As the air grows colder and the days get shorter, you may wonder if you need to change your pet’s diet
When home is where it’s perennially warm:
Your dog or cat lives indoors, it’s unlikely that you’ll need to change your pet’s diet during cooler months, as long as his or her activity level stays about the same. If your dog lives primarily outdoors, however, you may need to make minor adjustments.
Indoor dogs living in four-season areas:
Our furry friends who live predominantly indoors in cold, snowy areas depend on us for their daily dose of exercise. Since less exercise means fewer calories used,so feed less. The other option is to maintain the same activity level no matter what the weather, you may need to increase your furry friend’s food.
Dogs with outdoor residences in four-season locales:
If your dog lives outdoors almost exclusively during the cold winter months, you’ll have to change his diet. Like us, dogs (and cats) shiver to keep a consistent body temperature. But shivering uses a lot of energy (calories). So your dog may need two to three times their normal amount of calories during cold weather. The increase in calories leads to more fat accumulation and helps compensate for the calories lost to shivering.

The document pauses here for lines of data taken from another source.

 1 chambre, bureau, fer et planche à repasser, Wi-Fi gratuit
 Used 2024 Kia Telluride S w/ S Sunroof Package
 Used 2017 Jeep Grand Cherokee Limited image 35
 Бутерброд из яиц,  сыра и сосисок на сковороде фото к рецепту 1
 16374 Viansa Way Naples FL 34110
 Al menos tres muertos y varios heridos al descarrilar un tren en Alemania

It’s not only about the cold (and snow):
Cold temperatures aren’t the only environmental factor that affects our pets’ nutritional needs during late autumn and winter. A decrease in daylight triggers changes in our dogs’ metabolism, slowing it down to conserve energy and promoting fat accumulation to help protect dogs from the upcoming cold.
And then there are cats:
Indoor cats who get a consistent amount of activity from one season to the next don’t need more food during the winter. And like dogs, cats that spend a lot of time outside during cold weather will need more food to maintain a consistent body temperature without losing weight.